There were 97,663 homes put up for sale last month, a 20% jump from the previous high set in March 2008. A total of 233,402 listings have been booked since the beginning of the year, the most for any first quarter on record.
New listings are important because they can help moderate sharp price increases that occur in a sellers’ market as buyers are forced to compete for what little inventory is available. That hasn’t happened yet, however, with sellers still in control in most of the country.
The national average price also spiked in March, hitting $340,920 – just $300 short of the all-time high reached last October. Compared to a year ago, the average price has gained 17.6%. CREA said 49,256 homes were sold, the second highest for any March and 40.8% higher than March 2008.
“Negotiations still favour sellers during the home buying process in a number of major Canadian housing markets,” said Georges Pahud, the association’s president. “[However,] the rise in new listings mean that buyers may shop around more before making an offer.”
In the first quarter, seasonally adjusted sales hit 130,072 homes, the fourth highest level on record. That’s a 3.4% decrease from the fourth quarter, when a sizzling market spurred talk of a bubble among economists and pushed the Federal government to enact tougher mortgage rules to ensure consumers would be able to afford their mortgages should interest rates rise.
Sales activity in Ontario, Quebec, and Newfoundland & Labrador rose to new records in the first quarter, but the gains were moderated by a sharp drop in sales in British Columbia as consumers began to be priced out of the market.
“The erosion of housing affordability is crimping activity in some of Canada’s priciest markets in the lower mainland of British Columbia,” said CREA chief economist Gregory Klump.

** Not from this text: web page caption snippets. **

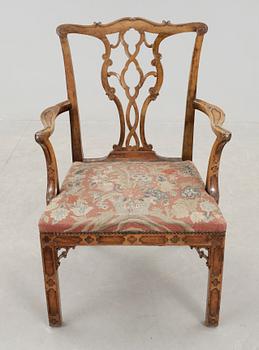 KARMSTOL, Chippendale-stil, England, 17/1800-tal,
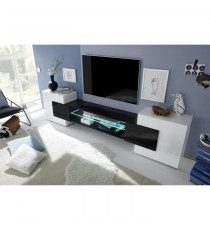Meuble TV avec LED 2 portes - Blanc laqué brillant et noir - L 258 x P 37 x H 61 cm - ANCONA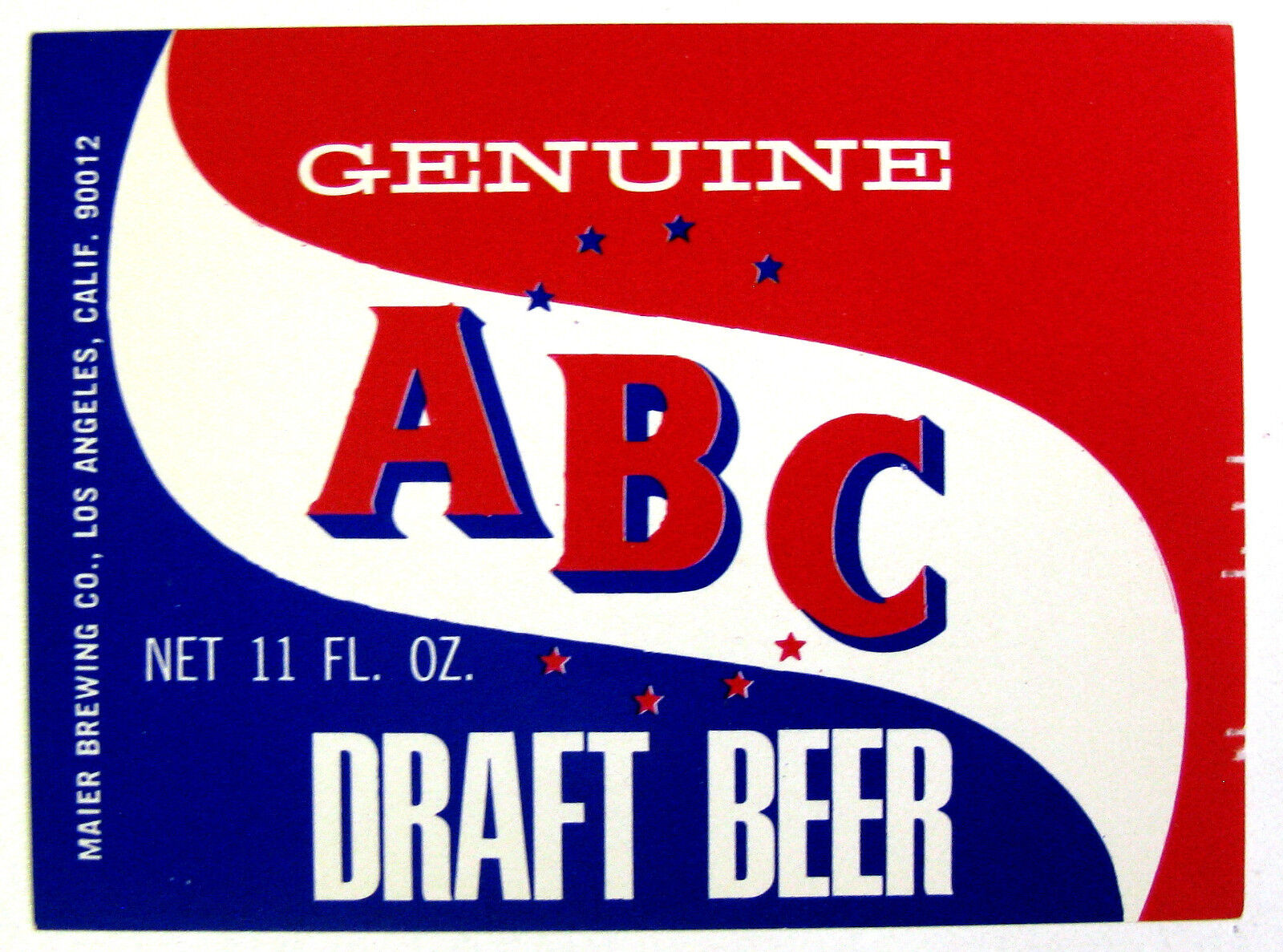 Maier Brewing Co GENUINE ABC DRAFT BEER label CA 11oz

“Higher mortgage interest rates and the rise in new listings may also soon reduce some of the urgency to purchase in Toronto. Sales activity in British Columbia and Ontario is expected to ease over the second half of 2010 once the HST comes into effect, pulling national activity lower. Rising supply and lower activity will take the steam out of the pricing environment following upbeat home sales this spring.”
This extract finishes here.